Spectral Clustering for Transcriptomics Data: an Approximate Column Sampling Approach on the GPU

Marko Mišić1*, Lazar Smiljković and Predrag Obradović1

1 University of Belgrade, School of Electrical Engineering, Belgrade, Serbia

marko.misic [at] etf.bg.ac.rs

Abstract

Clustering is one of the central methods in bioinformatics processing pipelines. It is used to capture hidden patterns in high-dimensional data, especially at the genomic level where large quantities of gene expression data have been produced with the advent of high-throughput sequencing technologies. Clustering reveals natural structure in the data, helping in understanding gene function, regulations, and cellular processes, cell assignment and subtyping, and other downstream analyses.

Spectral clustering has been successfully used to discover structure and patterns in data for bioinformatics research in the past with short execution times and high accuracy. However, it can be computationally expensive for large-scale datasets that are present in contemporary single-cell RNA (sc-RNA) and spatial transcriptomics (ST) applications. Numerous approximate spectral clustering algorithms have been proposed in the open literature to improve efficiency and scalability, while maintaining clustering quality.

Spectral clustering uses linear algebra operations which can be efficiently implemented on modern central processing units (CPUs) and graphics processing units (GPUs). In our work, we implemented an approximate, parallel spectral clustering method based on column sampling and the Nystrom method on the GPU. Our implementation significantly reduces both the computational and memory requirements of the previous methods, enabling the method to handle datasets of more than 106 samples and thousands of features.

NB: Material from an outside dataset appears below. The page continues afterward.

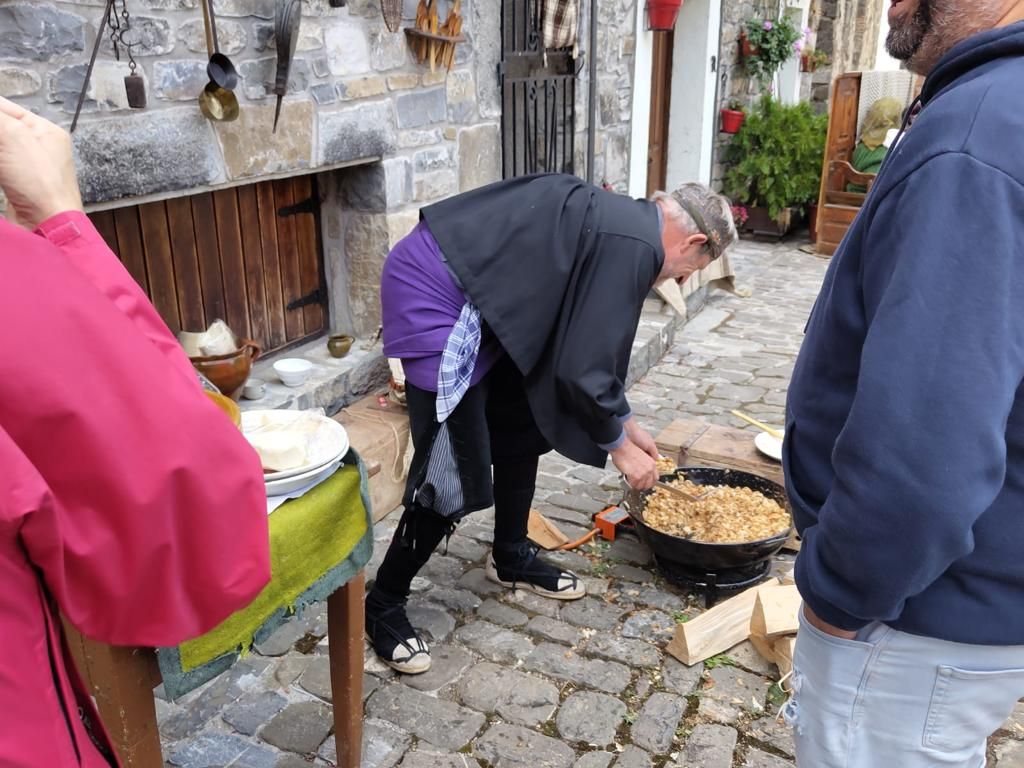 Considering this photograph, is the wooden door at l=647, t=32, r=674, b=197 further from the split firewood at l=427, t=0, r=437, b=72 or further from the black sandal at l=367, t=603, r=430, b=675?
the black sandal at l=367, t=603, r=430, b=675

We evaluated our approach using general datasets containing images of handwritten digits, as well as several datasets from single-cell and spatial transcriptomics sequencing of mouse brain. Datasets from sc-RNA and ST domains were characterized by a modestly large number of points and a relatively higher number of clusters compared to the general datasets. We compared our solution to the widely used Leiden algorithm in terms of speedup, ARI and NMI score. Our results showed significant time advantage and scalability over Leiden algorithm of up to a hundred times, albeit with to some extent lower ARI and NMI scores.

Keywords: bioinformatics, approximate spectral clustering, GPU programming, transcriptomics

Acknowledgement: This work was financially supported by the Ministry of Science, Technological Development and Innovation of the Republic of Serbia under contract numbers: 451-03-65/2024-03/200103 and 451-03-66/2024-03/200103, and Complete Genomics, part of MGI Tech, under contract number: 1847/2022-12. The authors gratefully acknowledge the financial support.